Other items you can eventually swap are: a bottle brush (wood, metal and natural fibers), crocheted make up remover pads, an old toothbrush for nooks and crannies, a broom with natural bristles and a metal dustpan with (you guessed it) a wooden brush with natural fibers.
Wipes, specifically antibacterial wipes, are a staple in the majority of households, yet is their single use justified? Santillo reminds us that cleaning surfaces constantly with antibacterial wipes or sprays “might eventually lead to increased resistance of some pathogens, and to less low-level exposure and immune-system boosting for us.” It’s not a question of poor hygiene, but a more balanced and healthy approach to cleaning.
DIY Cleaning products
The best way to avoid the need to harsh chemicals is to avoid the build-up of dirt by wiping down surfaces that see the most activity – that is the bathroom and the kitchen. To carry a more environmentally friendly household in general there are a couple of things you can do. For example, by placing a door mat you will ensure that the majority of dirt from the outside will stay outside. Always try to load a full wash when using the washing machine; and a 30°C cycle is plenty for most washes.

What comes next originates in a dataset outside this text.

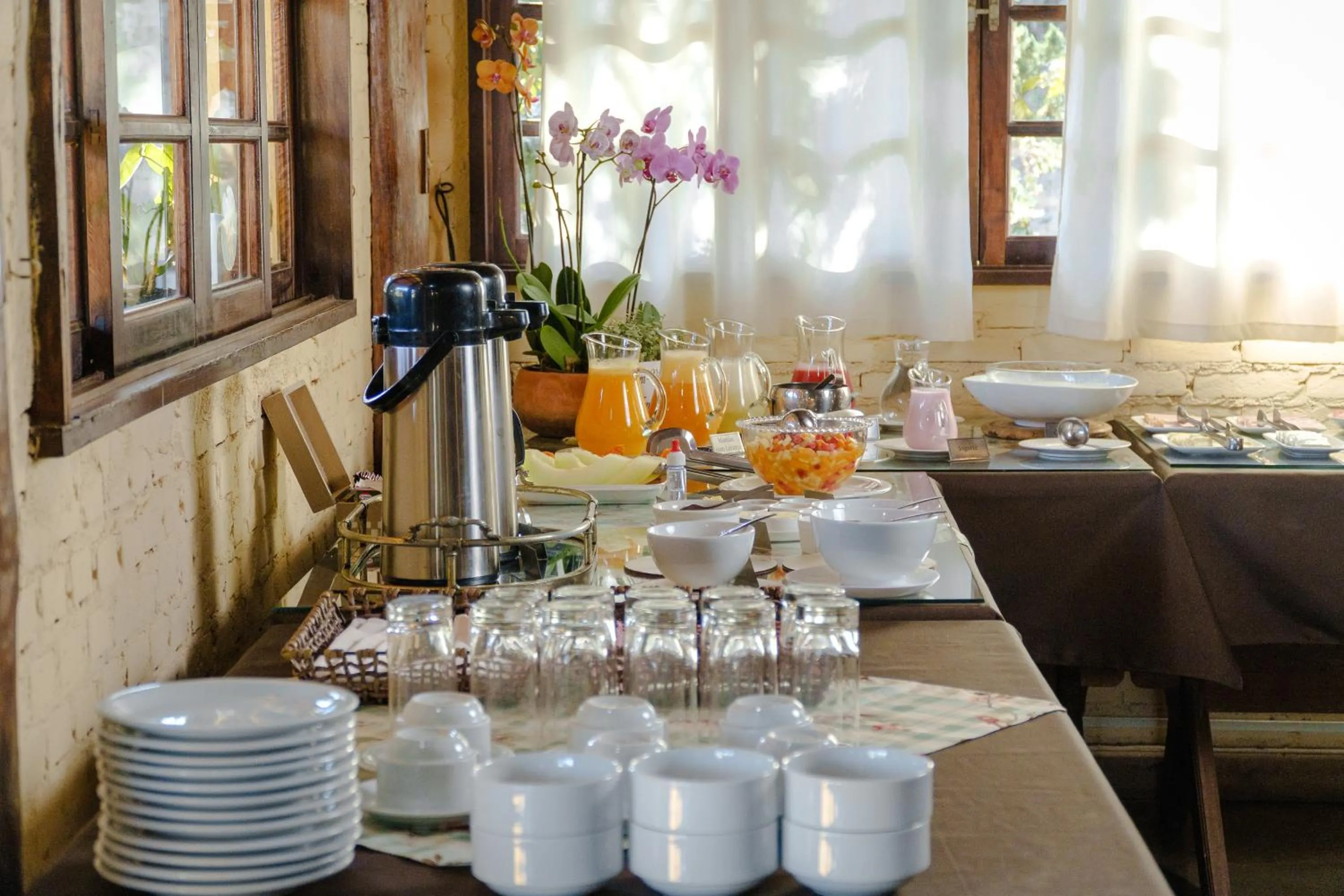 Food and drinks in VELINN Hotel Fazenda Fonte das Hortênsias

Among the ingredients you will have most likely heard are traditional household cleaners such as white vinegar, bicarbonate of soda, club soda and lemon. You can easily make an all-purpose cleaner to wipe down tiles, mirrors, worktops and appliances. Simply fill ⅓ of a spray bottle with white vinegar and top up with cold water. Voilà.
Dr Santillo adds that there is “plenty of anecdotal evidence that such simple products are just as effective, and of course many of them were used for generations before the more convenient and job-specified products came into the shops. I would suggest that people just try these alternatives and see for themselves, and if they are happy then encourage others.”
There are many recipes out there on how to make more a more heavy duty cleaning spray. Rachelle Strauss, author of Household Cleaning from the Self-Sufficiency series published by New Holland, swears by the following:
- In a 500ml spray bottle mix 30ml of white vinegar.
- Add 1 teaspoon of Borax.
- 450ml hot water and shake.
- Add ½ teaspoon of liquid castile soap.
- And an optional 5 drops of essential oils.
- Shake well before use.
If you are after an antibacterial cleaner, we have found a recipe that includes a large grapefruit, white vinegar and tea tree oil. That is all.
Finally, for sinks, bathtubs and the like, what you want is a cream cleaner that brings out the shine. Once again, Strauss recommends using a container with a lid; add 90g of bicarbonate of soda, 115ml of liquid castile soap and 6 drops of essential oil.